*** Task input ***

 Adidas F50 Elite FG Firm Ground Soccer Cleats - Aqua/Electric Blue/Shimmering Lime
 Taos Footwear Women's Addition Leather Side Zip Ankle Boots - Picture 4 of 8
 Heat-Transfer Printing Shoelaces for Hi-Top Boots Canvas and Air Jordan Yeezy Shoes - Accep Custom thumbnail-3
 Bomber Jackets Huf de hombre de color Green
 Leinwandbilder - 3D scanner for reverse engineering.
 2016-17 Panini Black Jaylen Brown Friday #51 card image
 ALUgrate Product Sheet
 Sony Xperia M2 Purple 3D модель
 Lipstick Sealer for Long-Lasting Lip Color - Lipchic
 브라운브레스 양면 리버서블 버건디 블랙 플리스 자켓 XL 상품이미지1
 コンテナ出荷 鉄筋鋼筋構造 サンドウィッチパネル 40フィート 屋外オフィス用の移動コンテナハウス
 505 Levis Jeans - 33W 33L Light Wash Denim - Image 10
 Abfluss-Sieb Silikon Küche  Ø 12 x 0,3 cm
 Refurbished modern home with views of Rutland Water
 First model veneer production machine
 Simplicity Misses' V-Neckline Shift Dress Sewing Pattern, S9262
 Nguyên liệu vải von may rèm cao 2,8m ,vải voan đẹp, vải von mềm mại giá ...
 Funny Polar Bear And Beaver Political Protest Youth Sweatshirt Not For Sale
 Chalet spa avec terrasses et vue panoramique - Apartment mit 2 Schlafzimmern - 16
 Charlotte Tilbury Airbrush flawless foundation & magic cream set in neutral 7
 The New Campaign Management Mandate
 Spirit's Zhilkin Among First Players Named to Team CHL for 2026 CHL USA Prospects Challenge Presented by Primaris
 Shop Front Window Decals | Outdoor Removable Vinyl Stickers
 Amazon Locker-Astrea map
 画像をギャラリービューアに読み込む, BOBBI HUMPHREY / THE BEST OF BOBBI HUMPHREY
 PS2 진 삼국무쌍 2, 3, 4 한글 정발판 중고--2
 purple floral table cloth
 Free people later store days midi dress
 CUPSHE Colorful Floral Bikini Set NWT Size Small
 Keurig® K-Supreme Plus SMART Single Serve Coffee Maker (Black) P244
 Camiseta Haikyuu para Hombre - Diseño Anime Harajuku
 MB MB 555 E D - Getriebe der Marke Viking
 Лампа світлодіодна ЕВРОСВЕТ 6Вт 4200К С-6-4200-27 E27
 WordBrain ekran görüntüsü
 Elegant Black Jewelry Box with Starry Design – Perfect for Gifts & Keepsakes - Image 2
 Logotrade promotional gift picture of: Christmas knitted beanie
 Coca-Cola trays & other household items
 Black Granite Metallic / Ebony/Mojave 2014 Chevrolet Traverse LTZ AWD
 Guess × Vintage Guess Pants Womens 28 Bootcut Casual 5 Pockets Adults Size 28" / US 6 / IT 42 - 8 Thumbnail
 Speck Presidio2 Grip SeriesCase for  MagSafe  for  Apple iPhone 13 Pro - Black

*** End of Task input ***

▶ [Assignment]:
Above are the records; from them, give again exactly the lines from the one containing "Лампа світлодіодна ЕВРОСВЕТ" to the one containing "Coca-Cola trays & other household items", both lines included, and nothing more.

▶ [Task answer]:
 Лампа світлодіодна ЕВРОСВЕТ 6Вт 4200К С-6-4200-27 E27
 WordBrain ekran görüntüsü
 Elegant Black Jewelry Box with Starry Design – Perfect for Gifts & Keepsakes - Image 2
 Logotrade promotional gift picture of: Christmas knitted beanie
 Coca-Cola trays & other household items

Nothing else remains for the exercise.